==== RECORD EXCERPTS ====
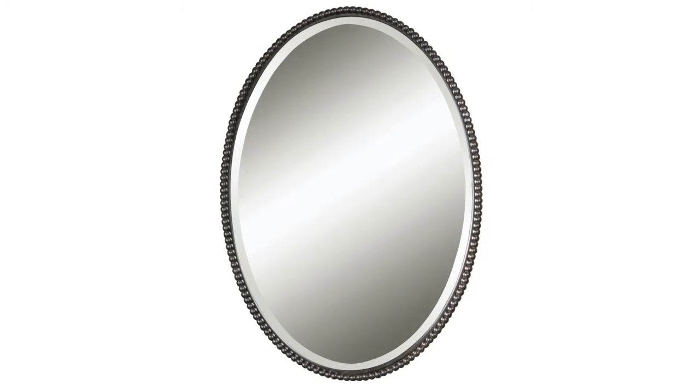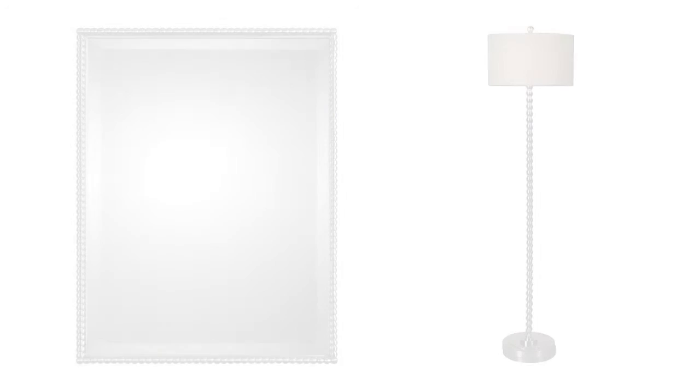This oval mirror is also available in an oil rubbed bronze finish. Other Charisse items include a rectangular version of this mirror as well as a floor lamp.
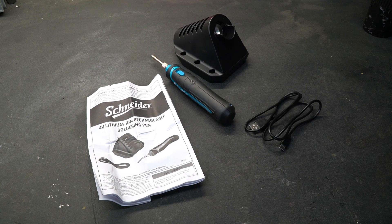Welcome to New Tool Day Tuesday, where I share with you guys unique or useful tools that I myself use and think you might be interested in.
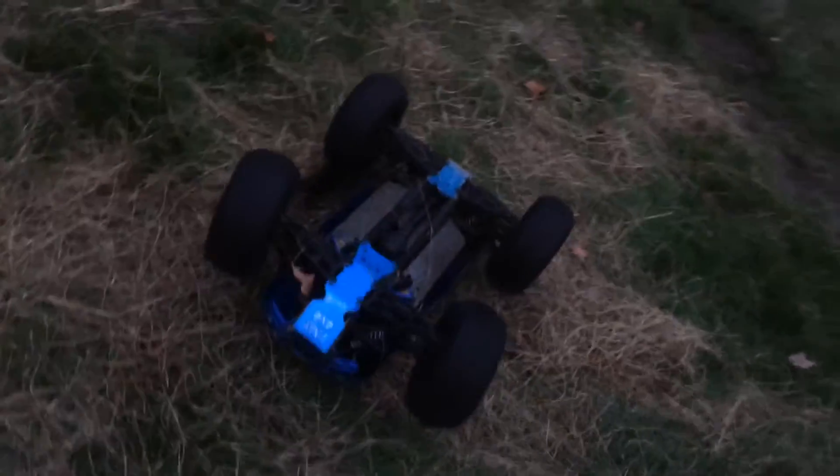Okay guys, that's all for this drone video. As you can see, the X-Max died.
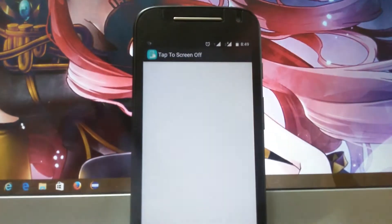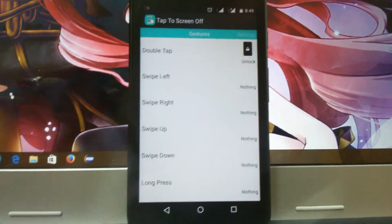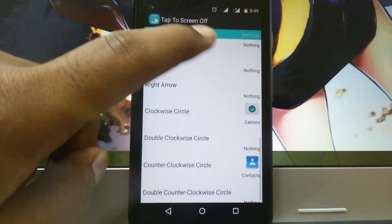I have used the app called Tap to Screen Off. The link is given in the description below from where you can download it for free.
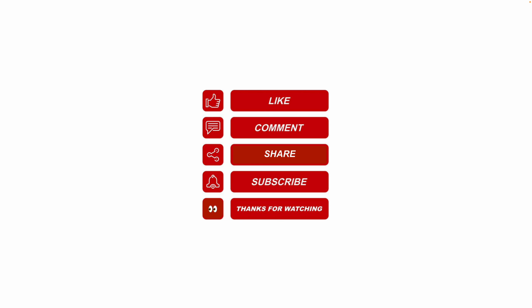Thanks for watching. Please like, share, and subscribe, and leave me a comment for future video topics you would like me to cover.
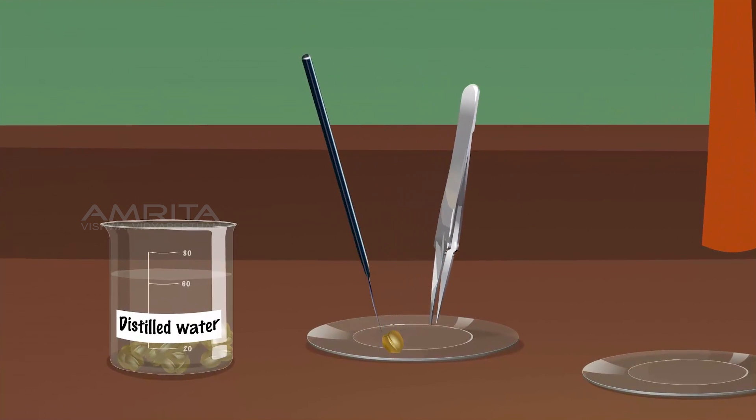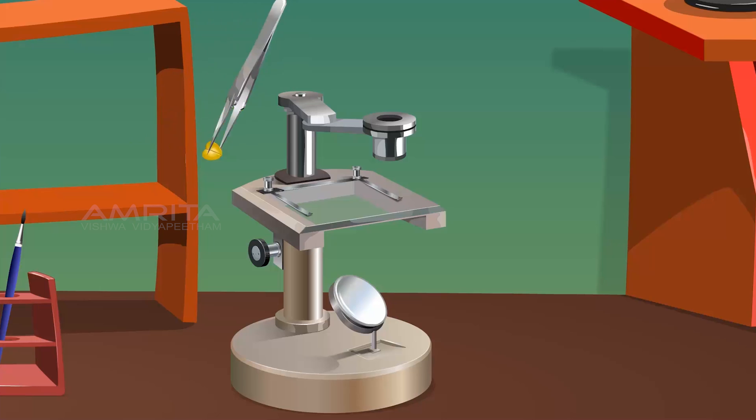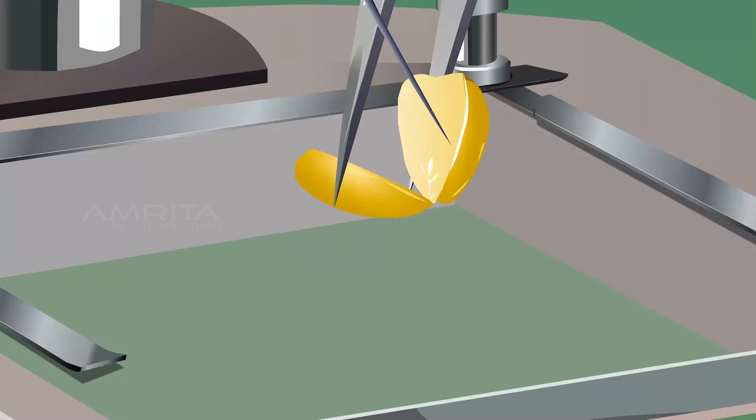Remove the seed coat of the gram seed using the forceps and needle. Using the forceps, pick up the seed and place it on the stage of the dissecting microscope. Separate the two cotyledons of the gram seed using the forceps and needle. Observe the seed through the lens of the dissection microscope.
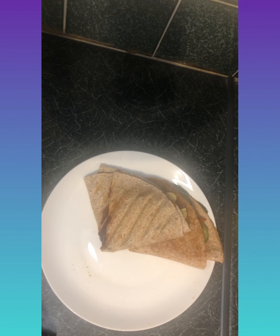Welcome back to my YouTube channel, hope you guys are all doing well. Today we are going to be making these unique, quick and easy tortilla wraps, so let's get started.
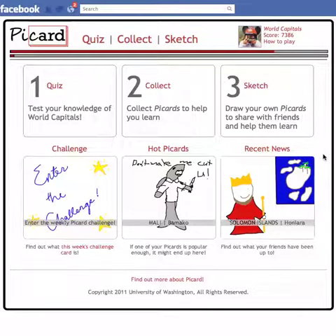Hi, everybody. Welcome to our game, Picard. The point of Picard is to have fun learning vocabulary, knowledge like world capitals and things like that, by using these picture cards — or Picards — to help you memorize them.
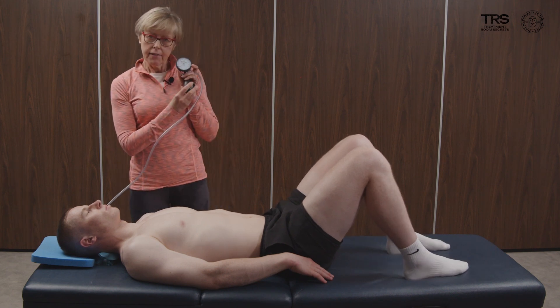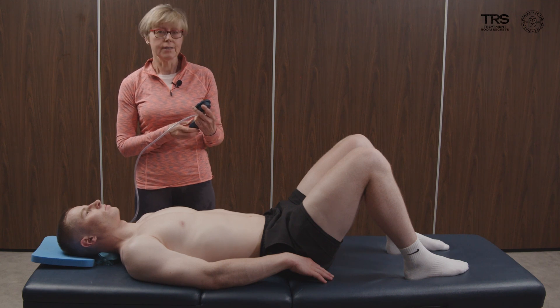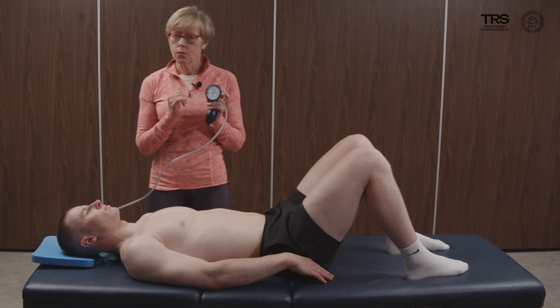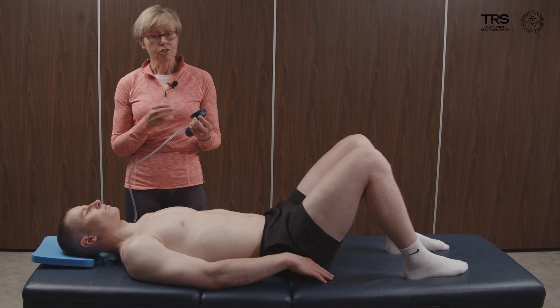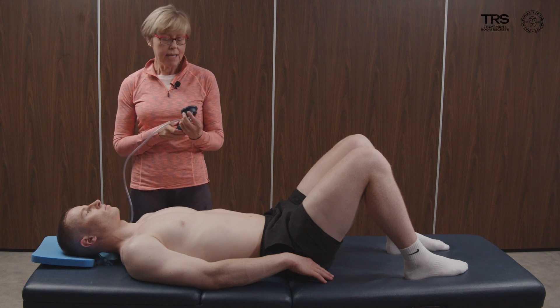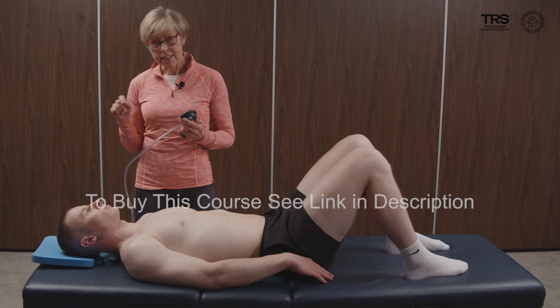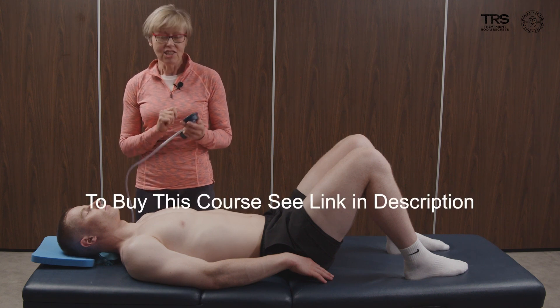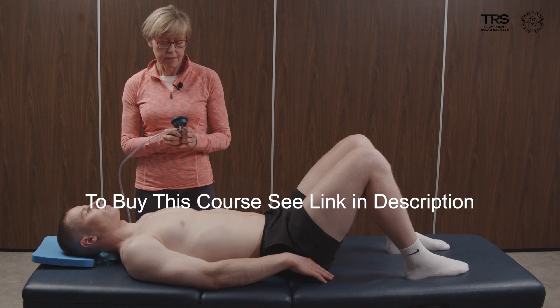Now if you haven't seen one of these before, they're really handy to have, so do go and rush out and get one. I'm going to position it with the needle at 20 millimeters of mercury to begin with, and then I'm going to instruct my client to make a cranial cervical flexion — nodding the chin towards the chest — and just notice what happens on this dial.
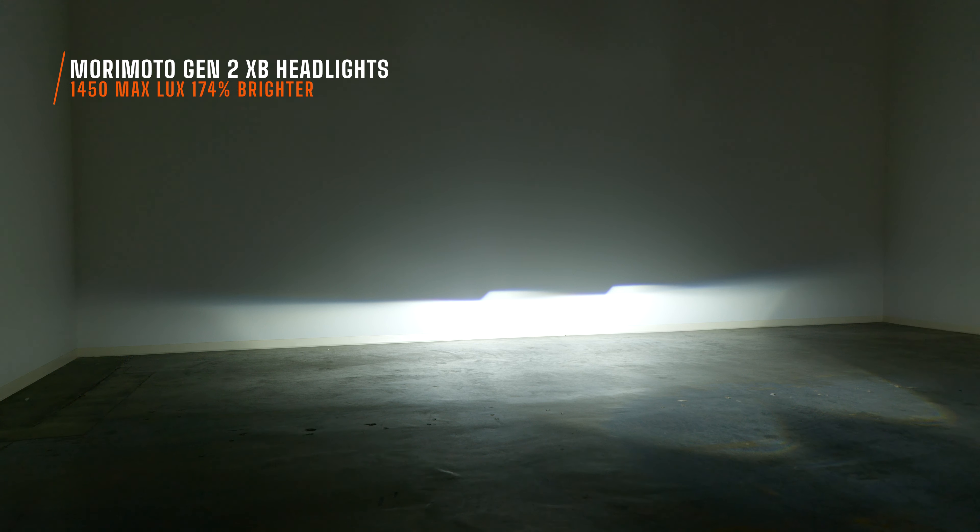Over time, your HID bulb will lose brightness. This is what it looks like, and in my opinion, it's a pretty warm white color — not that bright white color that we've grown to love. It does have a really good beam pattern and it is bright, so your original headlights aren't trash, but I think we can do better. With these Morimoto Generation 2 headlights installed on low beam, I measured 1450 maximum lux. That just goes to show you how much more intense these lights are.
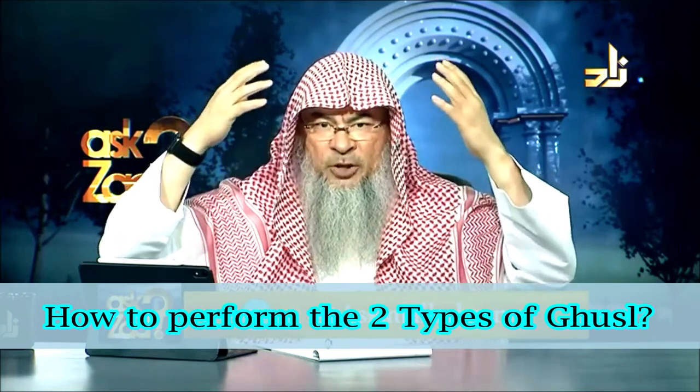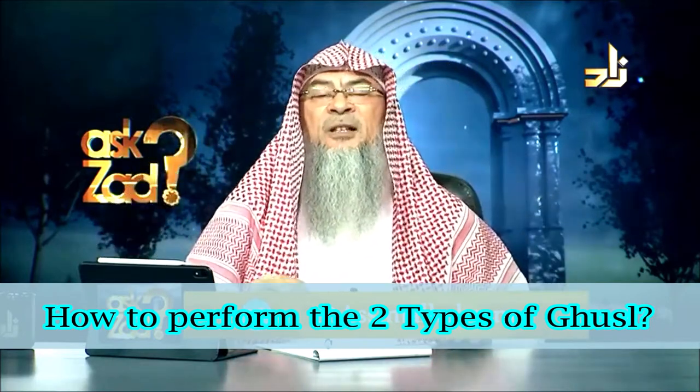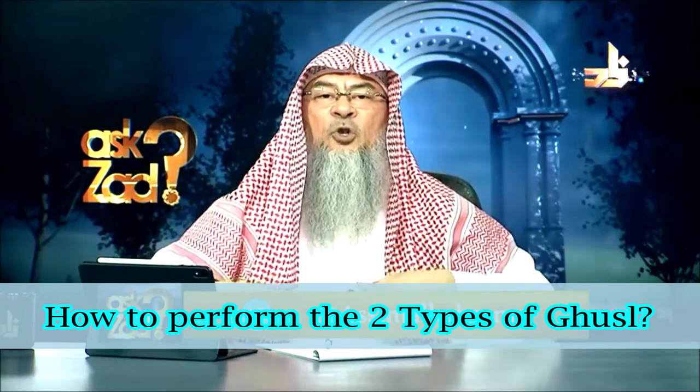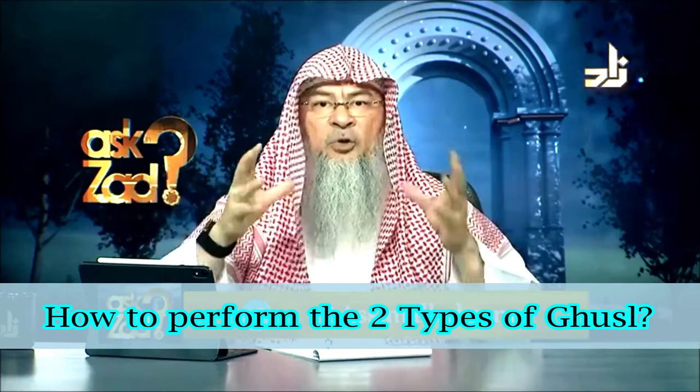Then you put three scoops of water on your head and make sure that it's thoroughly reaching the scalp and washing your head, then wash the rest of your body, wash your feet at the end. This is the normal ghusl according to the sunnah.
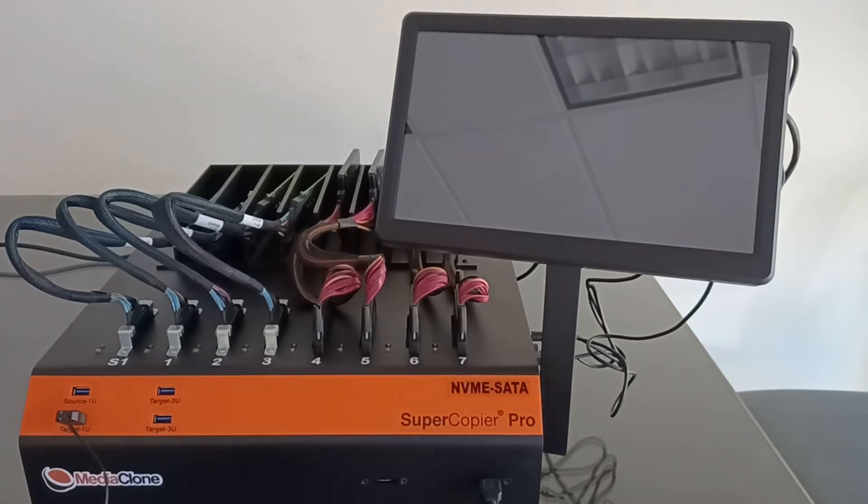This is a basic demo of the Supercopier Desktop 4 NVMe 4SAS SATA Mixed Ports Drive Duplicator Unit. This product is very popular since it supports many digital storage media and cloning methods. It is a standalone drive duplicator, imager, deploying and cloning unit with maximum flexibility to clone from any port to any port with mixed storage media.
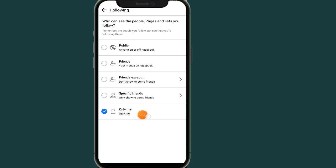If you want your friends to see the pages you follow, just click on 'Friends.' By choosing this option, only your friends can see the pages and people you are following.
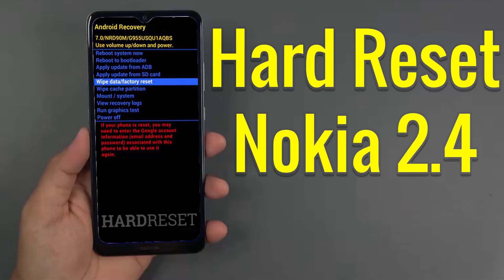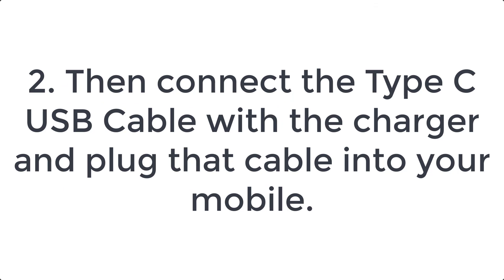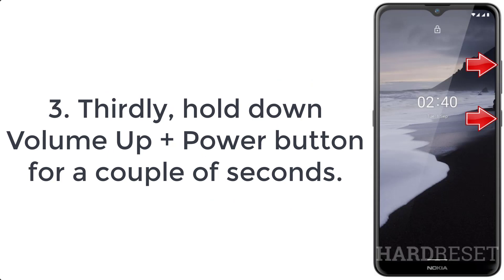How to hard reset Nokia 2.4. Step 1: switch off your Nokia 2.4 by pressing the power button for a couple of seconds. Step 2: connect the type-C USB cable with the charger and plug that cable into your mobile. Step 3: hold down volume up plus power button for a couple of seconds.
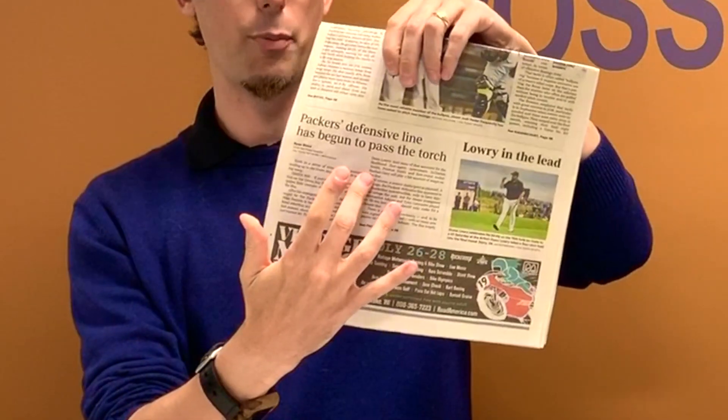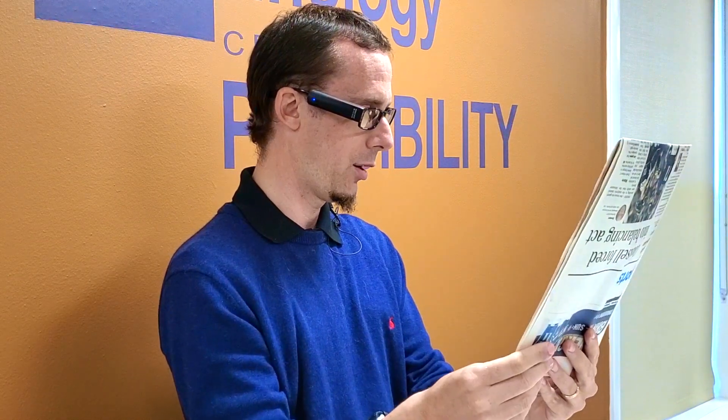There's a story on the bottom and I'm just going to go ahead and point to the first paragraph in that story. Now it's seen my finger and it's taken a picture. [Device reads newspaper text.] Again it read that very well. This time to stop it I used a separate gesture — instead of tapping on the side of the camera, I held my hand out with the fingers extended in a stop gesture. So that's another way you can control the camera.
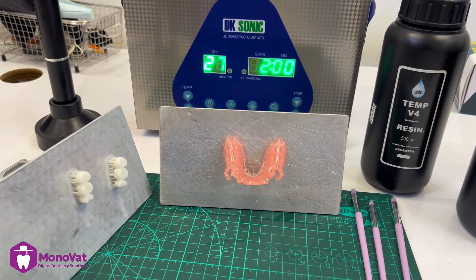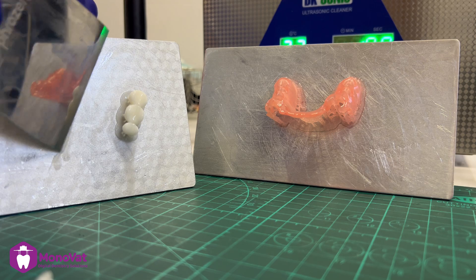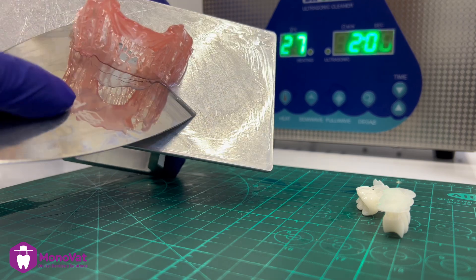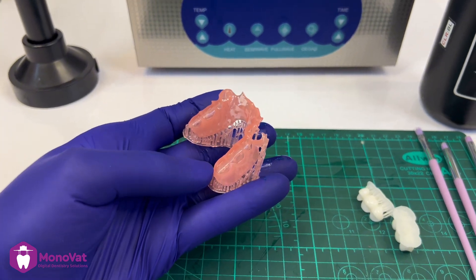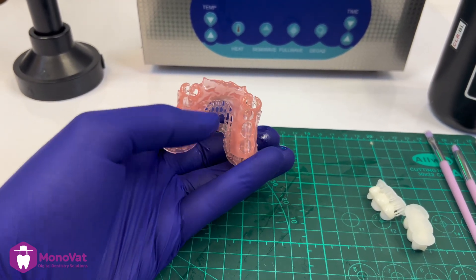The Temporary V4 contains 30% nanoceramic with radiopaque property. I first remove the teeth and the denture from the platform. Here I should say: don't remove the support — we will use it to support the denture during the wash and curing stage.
====
■ WHAT THE EXERCISE ASKS ■
Each record above should be restated word for word. The pictures should not appear.

■ RESPONSE AREA ■
This oval mirror is also available in an oil rubbed bronze finish. Other Charisse items include a rectangular version of this mirror as well as a floor lamp.
Welcome to New Tool Day Tuesday, where I share with you guys unique or useful tools that I myself use and think you might be interested in.
Okay guys, that's all for this drone video. As you can see, the X-Max died.
I have used the app called Tap to Screen Off. The link is given in the description below from where you can download it for free.
Thanks for watching. Please like, share, and subscribe, and leave me a comment for future video topics you would like me to cover.
Remove the seed coat of the gram seed using the forceps and needle. Using the forceps, pick up the seed and place it on the stage of the dissecting microscope. Separate the two cotyledons of the gram seed using the forceps and needle. Observe the seed through the lens of the dissection microscope.
Welcome back to my YouTube channel, hope you guys are all doing well. Today we are going to be making these unique, quick and easy tortilla wraps, so let's get started.
Hi, everybody. Welcome to our game, Picard. The point of Picard is to have fun learning vocabulary, knowledge like world capitals and things like that, by using these picture cards — or Picards — to help you memorize them.
Now if you haven't seen one of these before, they're really handy to have, so do go and rush out and get one. I'm going to position it with the needle at 20 millimeters of mercury to begin with, and then I'm going to instruct my client to make a cranial cervical flexion — nodding the chin towards the chest — and just notice what happens on this dial.
Over time, your HID bulb will lose brightness. This is what it looks like, and in my opinion, it's a pretty warm white color — not that bright white color that we've grown to love. It does have a really good beam pattern and it is bright, so your original headlights aren't trash, but I think we can do better. With these Morimoto Generation 2 headlights installed on low beam, I measured 1450 maximum lux. That just goes to show you how much more intense these lights are.
Then you put three scoops of water on your head and make sure that it's thoroughly reaching the scalp and washing your head, then wash the rest of your body, wash your feet at the end. This is the normal ghusl according to the sunnah.
This is a basic demo of the Supercopier Desktop 4 NVMe 4SAS SATA Mixed Ports Drive Duplicator Unit. This product is very popular since it supports many digital storage media and cloning methods. It is a standalone drive duplicator, imager, deploying and cloning unit with maximum flexibility to clone from any port to any port with mixed storage media.
If you want your friends to see the pages you follow, just click on 'Friends.' By choosing this option, only your friends can see the pages and people you are following.
How to hard reset Nokia 2.4. Step 1: switch off your Nokia 2.4 by pressing the power button for a couple of seconds. Step 2: connect the type-C USB cable with the charger and plug that cable into your mobile. Step 3: hold down volume up plus power button for a couple of seconds.
There's a story on the bottom and I'm just going to go ahead and point to the first paragraph in that story. Now it's seen my finger and it's taken a picture. [Device reads newspaper text.] Again it read that very well. This time to stop it I used a separate gesture — instead of tapping on the side of the camera, I held my hand out with the fingers extended in a stop gesture. So that's another way you can control the camera.
The Temporary V4 contains 30% nanoceramic with radiopaque property. I first remove the teeth and the denture from the platform. Here I should say: don't remove the support — we will use it to support the denture during the wash and curing stage.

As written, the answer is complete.